This is an automated email from the ASF dual-hosted git repository.
alexey pushed a commit to branch master
in repository https://gitbox.apache.org/repos/asf/kudu.git
The following commit(s) were added to refs/heads/master by this push:
new 8ce91854a KUDU-3641 fix flaky TestNewLeaderCantResolvePeers (take 2)
8ce91854a is described below
commit 8ce91854a3ae749ea02c45096dfff4b877050a82
Author: Alexey Serbin <[email protected]>
AuthorDate: Thu Feb 20 17:45:05 2025 -0800
KUDU-3641 fix flaky TestNewLeaderCantResolvePeers (take 2)

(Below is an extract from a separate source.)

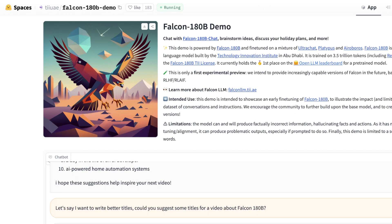What's also cool is they say the demo is powered by Falcon 180B, fine-tuned on a mixture of Alterchat, Platypus, Ereboros, and Falcon — so it's a mixture again, brought to you by the Technology Innovation Institute in Abu Dhabi. As always, if you like this video, please like and subscribe. We hope you learned something and we'll see you in the next video.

I noticed that even after [1] the TestNewLeaderCantResolvePeers was
still failing in about once in 60 runs [2], so I took a closer look.
It turns out StartElection() doesn't trigger a re-election if it
arriving at the current Raft leader. To address that, this patch
replaces StartElection() back with LeaderStepDown() but with new
target leader being the tablet replica at the third tablet server.
This is a follow-up to [1].
[1] https://github.com/apache/kudu/commit/6c77ec875
[2]
http://dist-test.cloudera.org:8080/test_drilldown?test_name=raft_consensus_election-itest
Change-Id: I3bee924353079f7c8bfab6d0d5a6367bd1ee243e
Reviewed-on: http://gerrit.cloudera.org:8080/22516
Tested-by: Alexey Serbin <[email protected]>
Reviewed-by: Yifan Zhang <[email protected]>
---
src/kudu/integration-tests/raft_consensus_election-itest.cc | 7 +++++--
1 file changed, 5 insertions(+), 2 deletions(-)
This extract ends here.